===== THE RECORDS

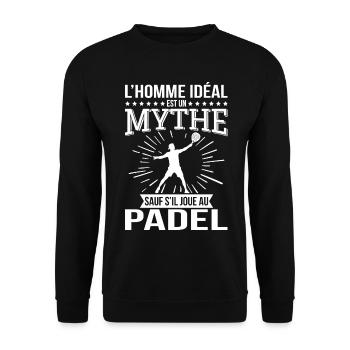 L'Homme idéal un mythe sauf s’il joue au padel - Sweat-shirt Unisexe - noir - Devant - Alina (178cm) & Michal (187cm)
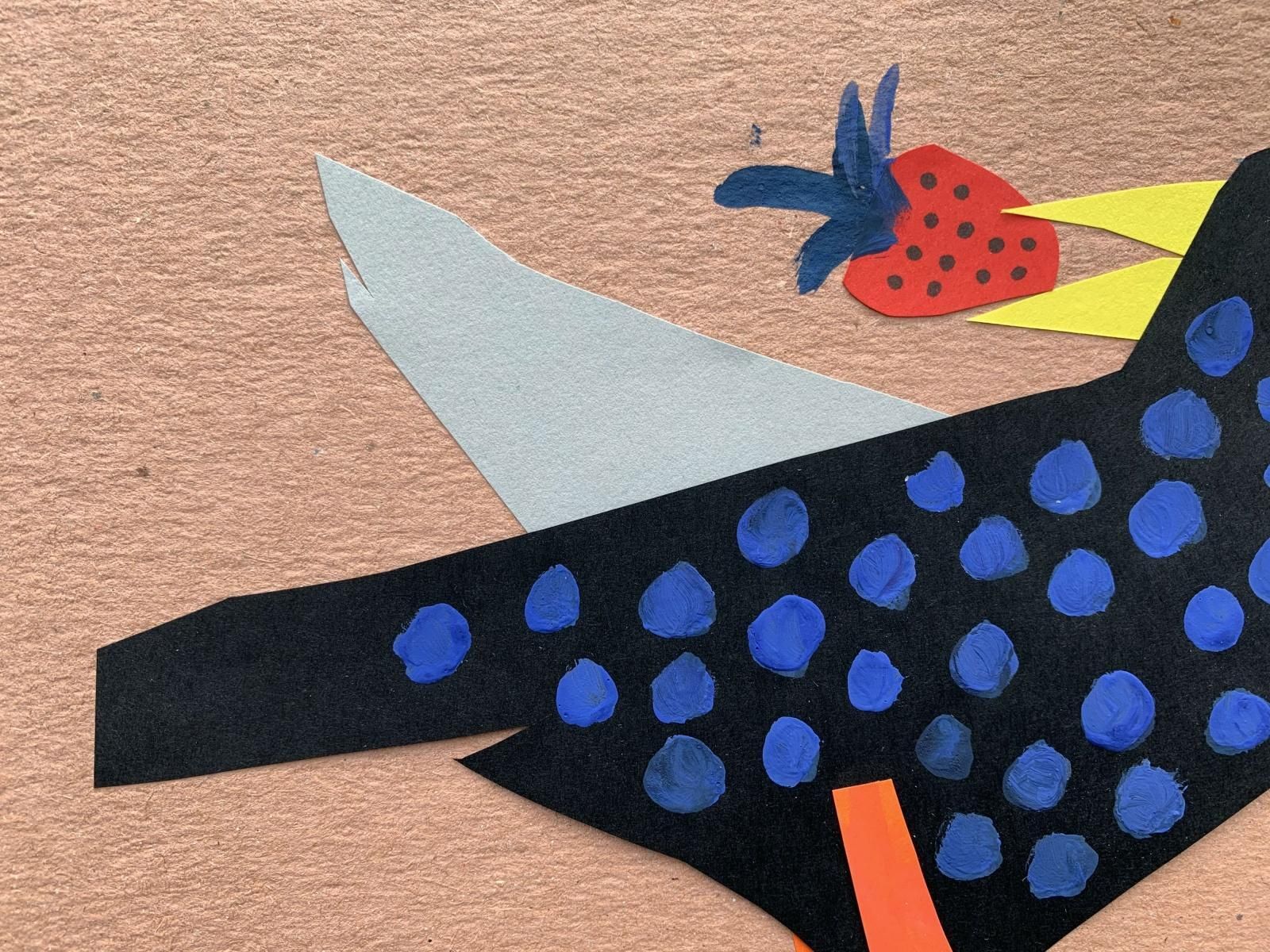 Marianna Oklejakstarling Crow. Papercut & Gouache Artwork,  Figurative, Polish Artist2020 photo Art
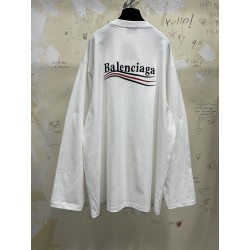 GT Balenciaga POLITICAL CAMPAIGN LONG SLEEVE TEE  T-SHIRT OVERSIZED IN WHITE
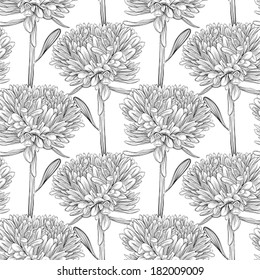 Beautiful monochrome, black and white seamless background with flowers aster. Hand-drawn contour lines and strokes. Perfect for background greeting cards and invitations of the wedding, birthday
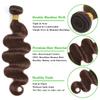 MLMYBAYEA Color 4 Body Wave Bundles Human Hair Chocolate Brown #4 Color Dark Brown Bundles Double Weft Brazilian Human Hair Sew-In Weave Extensions 16 18 20 Inch view 3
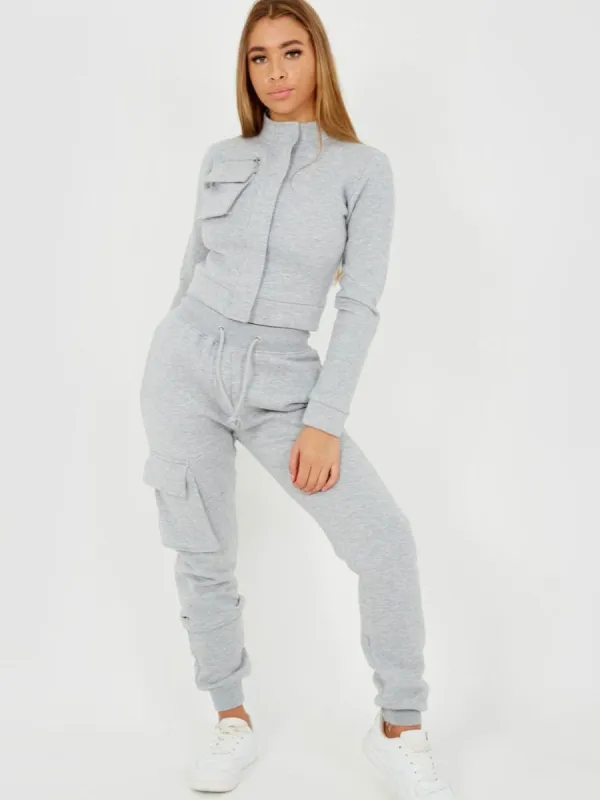 Angie Utility Pocket Zipped Fleece Tracksuit In Grey made by Vivichi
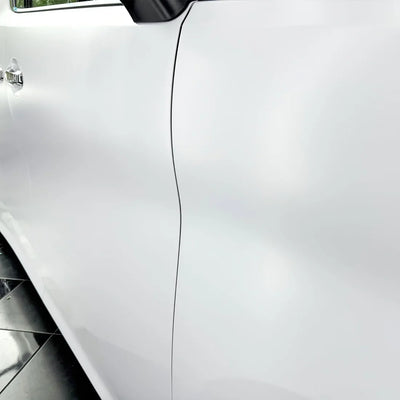 Close-up of Matte White Vinyl Wrap on Toyota body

==========

◆ WHAT THE TASK REQUIRES: Your answer must be an exact copy of the lines from the line with "Beautiful monochrome, black" to the final line of the data, both ends included, and no pictures.

◆ REPLY TO THE TASK:
 Beautiful monochrome, black and white seamless background with flowers aster. Hand-drawn contour lines and strokes. Perfect for background greeting cards and invitations of the wedding, birthday
 MLMYBAYEA Color 4 Body Wave Bundles Human Hair Chocolate Brown #4 Color Dark Brown Bundles Double Weft Brazilian Human Hair Sew-In Weave Extensions 16 18 20 Inch view 3
 Angie Utility Pocket Zipped Fleece Tracksuit In Grey made by Vivichi
 Close-up of Matte White Vinyl Wrap on Toyota body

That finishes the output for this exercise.